The following is a quotation by Frederick F. Reichheld (The Loyalty Effect, 1996). "The new theory sees the fundamental mission of a business not as profit, but as value creation. The new theory also makes loyalty a truer litmus test of corporate performance than profits. Since the only way a business can retain customer and employee loyalty is by delivering superior value, high loyalty is a certain sign of solid value creation."

Goodwin and Ball (1999) presenters at the Quality Measurement Conference in Anaheim felt that customer satisfaction measurements may not necessarily predict customer loyalty. Customer loyalty is related directly to repeat purchase behaviour and is characterised by a willingness to continue relationships. Customer satisfaction on the other hand is an attitude.
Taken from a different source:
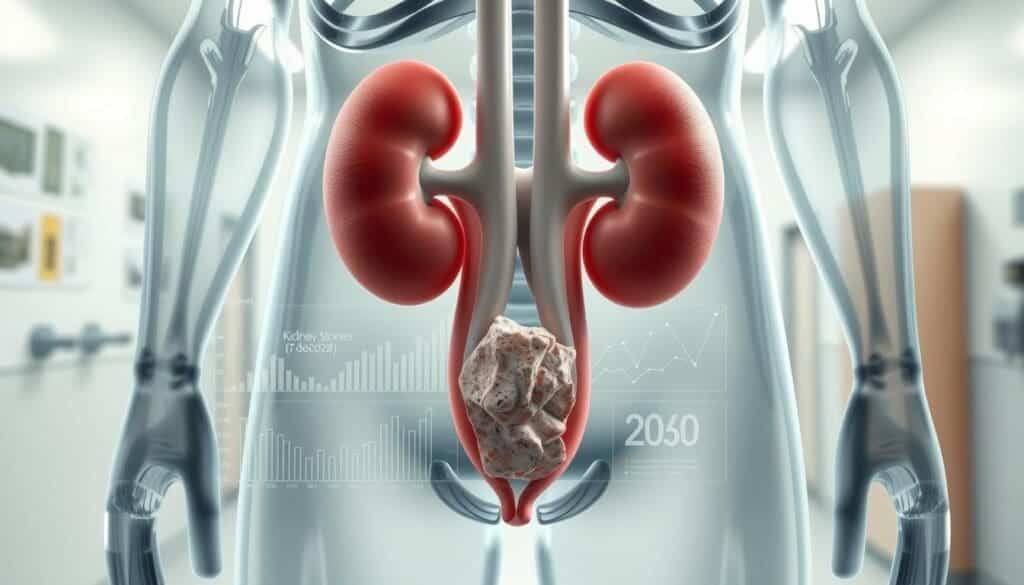 image 9017 LIV Hospital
Many advanced companies use customer loyalty measures to gain competitive advantage. Research has revealed that loyal customers:

  • Stay with companies longer.
  • Cost less to service.
  • Provide higher margins.
  • Purchase across product lines.
  • Buy more.
  • Demonstrate immunity to the competition.
  • Demonstrate less price sensitivity.

Industry research shows that the perception of value by customers represents the prime factor that affects buying decisions. Value perception is the best leading indicator of market share, sales revenues, profitability, and sustained competitiveness. Value is the perceived worth of a product or service relative to what was paid for it including lost opportunity costs. A customer's perception of value is formed throughout all the experiences associated with a product gained during its life cycle. Customer experiences start with presales literature, continue through ordering, receiving, and installing, to learning, using, supporting, and finally the disposal of the product.
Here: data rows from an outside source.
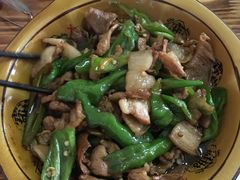 -胡师傅三下锅(汽车站店)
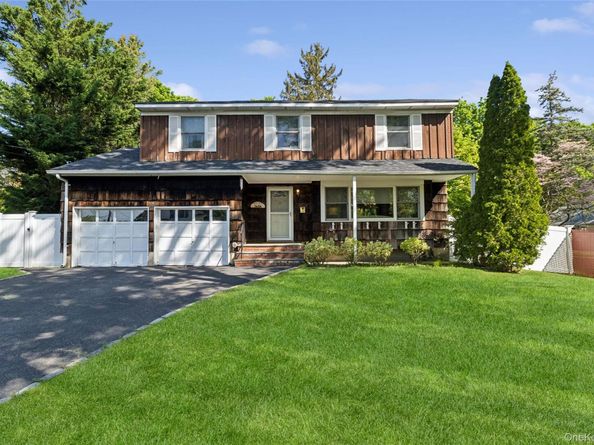 126 Carley Avenue, Huntington NY 11743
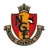 Nagoya Grampus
Goodwin and Ball considered that through a strong understanding of what customers' value, companies will know how to offer:

  • Better "value" than the competition at the same cost or
  • Comparable "value" at reduced cost. The end result of a strategy centred on delivering superior value will be increased customer loyalty and profitability.

Vikki Bland of NZ Business (2004) says:
"There are many reasons for making an effort to retain customers, even those who seem determined to defect." , and offers two of the most obvious;

  • Some customers, having had a particularly bad customer experience, may make it their mission in life to destroy the reputation of a business.
  • Customers cost money to win in the first place.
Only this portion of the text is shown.